Temer tem de surfar na injusta impopularidade e fazer o que deve! (REINALDO AZEVEDO)

Publicado em 01/04/2017 05:28
Segundo o Ibope, a rejeição ao governo é recorde. E daí? Na democracia, o povo é sempre soberano, mas nem sempre justo (por REINALDO AZEVEDO)

Ibope aponta índices inéditos de reprovação ao governo de Michel Temer. Bem, já observei aqui ontem, não? O povo é sempre soberano na democracia, mas isso não quer dizer que seja justo. Churchill ganhou a guerra, mas perdeu a eleição. Se, por qualquer razão, se devesse eleger, então, alguém para governar o mundo, ninguém estaria mais preparado do que ele. Mas o povo no Reino Unido disse: “O mundo, pode ser. Aqui, nem pensar”!

Segundo o Ibope, em levantamento encomendado pela CNI (Confederação Nacional da Indústria), a gestão é “ruim ou péssima” para 55% dos entrevistados. Compreensível. Fiquemos num dado: a recessão que o presidente não fabricou elevou o desemprego, entre dezembro e fevereiro a 13,2%. Em número: os desempregados chegaram a 13,5 milhões. A retomada na economia, ainda no comecinho, demora para chegar aos empregos. Já sabemos: o desastre petista provocará uma década perdida para a renda do trabalho. Ela voltará ao patamar de 2013 só em 2023. E isso se a economia crescer a uma taxa razoável.

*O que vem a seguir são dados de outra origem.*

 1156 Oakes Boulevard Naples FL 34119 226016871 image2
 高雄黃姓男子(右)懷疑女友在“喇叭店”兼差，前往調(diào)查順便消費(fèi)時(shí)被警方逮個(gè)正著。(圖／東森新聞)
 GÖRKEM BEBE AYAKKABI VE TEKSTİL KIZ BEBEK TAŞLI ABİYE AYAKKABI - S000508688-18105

Sabemos que, de todos os cargos, o de presidente é o pior. A tradição presidencialista no país se confunde com a tradição paternalista. Desemprego? Culpa do presidente. Saúde ruim, não importa a esfera de gestão? Culpa do presidente. Inflação alta (está em queda)? Culpa do presidente. “Ah, não entendi! Você sugere que não é culpa de Temer, mas que é culpa da Dilma?” Não sugiro! Afirmo. Estamos pagando o preço dos desatinos petistas com as contas públicas, ora bolas!

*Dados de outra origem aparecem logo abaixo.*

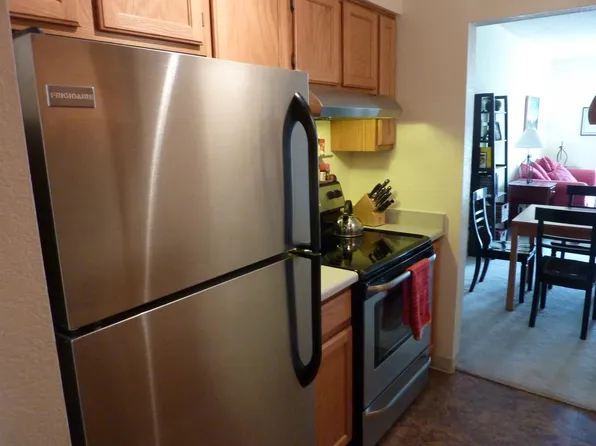 7416 Singing Hills Dr, Boulder, CO 80301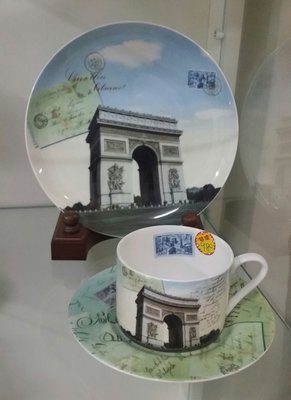 美生活館---全新進口經典巴黎景點骨瓷杯 咖啡杯三件組禮盒--凱旋門--促優 980元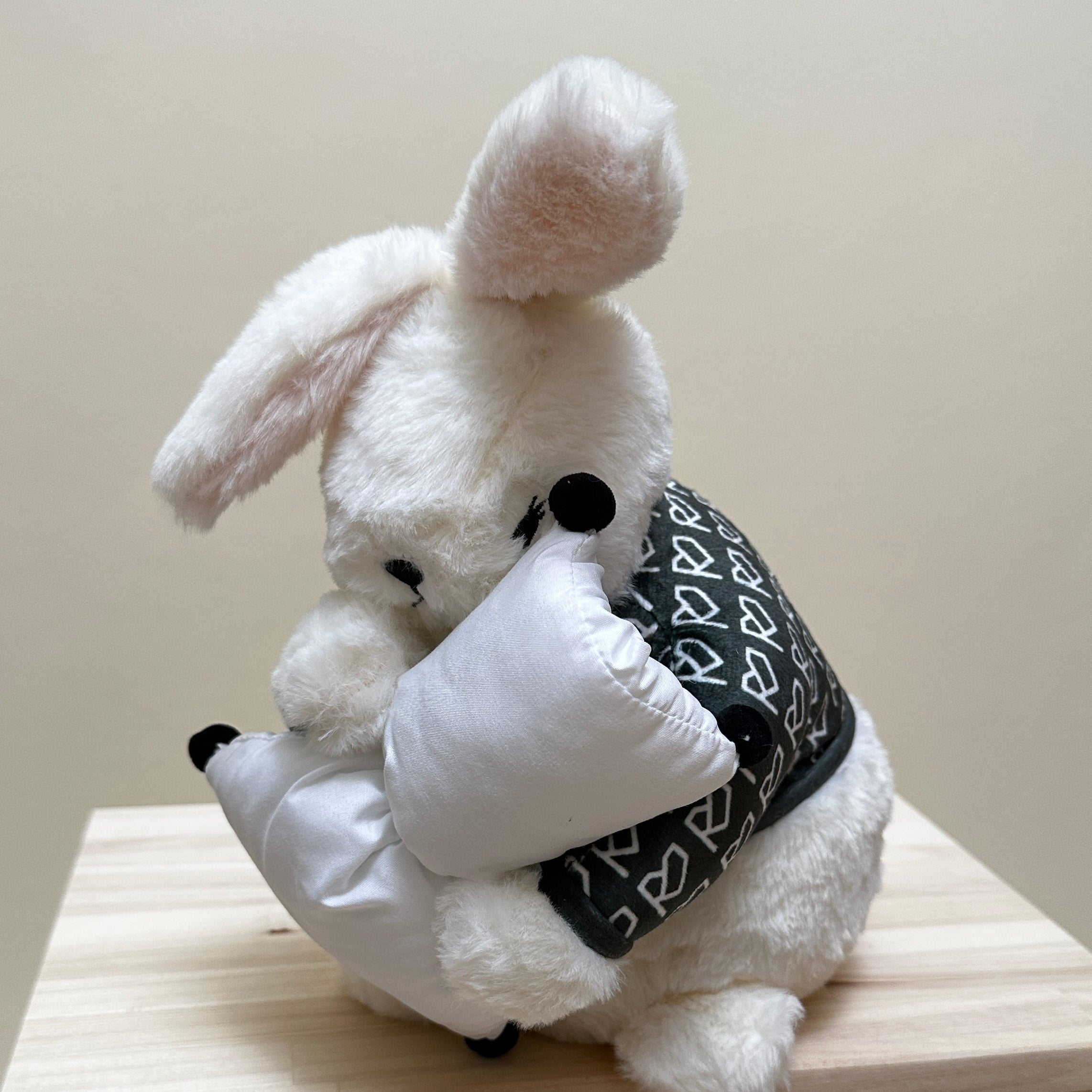 Playful Hearts Bunny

Afirmei ontem no programa “Os Pingos nos Is” e reitero aqui: se a realidade brasileira fosse uma equação, seria a equação impossível, sem o termo de igualdade, sem resultante. Vale dizer: na teoria, esse besouro não voa. Um vice assume um país quebrado, em pandarecos, em meio a uma investigação que causa permanente instabilidade na política, é membro de um partido composto por um monte de investigados — alguns têm de estar no governo para garantir o equilíbrio.

Ainda assim, é preciso manter uma maioria no Congresso para começar a botar em ordem as contas públicas, o que implica fazer cortes de gastos, o que sempre constrange e irrita os senhores parlamentares, cuja reputação já está no lixo em razão da Lava Jato. E não podem contar nem com uma graninha extra para agradar às bases.

Mas calma! É preciso meter aí o debate sobre a reforma da Previdência e a reforma trabalhista, que, esqueçam!, não têm como ser populares. Ao contrário. Aliás, um dos bons caminhos para o presidente Michel Temer é surfar na… impopularidade! Sim, eu quis dizer justamente isso. Quem surfa na popularidade corre o risco de praticar populismo vigarista e levar o país à lona. Ou Dilma não quebrou o setor elétrico assim? Surfar na impopularidade é saber que, para ser amado pelo povo, nas atuais circunstâncias, só fazendo o que não pode e não tem de ser feito.

Temer fez em sete meses pelo país mais do que Dilma em cinco anos. Os benefícios de suas ações ainda virão. Mas não serão colhidos na Presidência.

Muita coisa se explica e se complica quando se consideram os dados parciais. A rejeição maior ao governo está no Nordeste: 67% dos entrevistados avaliam o governo como ruim ou péssimo. Em segundo lugar, está o Sudeste, com 52%. A região Sul é a menos refratária: esse índice fica em 48%.

Eu me arriscaria a dizer — é só uma conjectura; não tenho dados para expressar uma certeza — que a maior animosidade, a do Nordeste, se fosse traduzida em ideologia, teria uma marca de esquerda. O que quero dizer? A região que mais cresceu no ciclo de expansão insustentável da economia, durante o petismo, é também a que mais sofre com o desastre a que os companheiros conduziram o país. E, ora vejam, não há um petista de plantão para ter de se explicar, certo?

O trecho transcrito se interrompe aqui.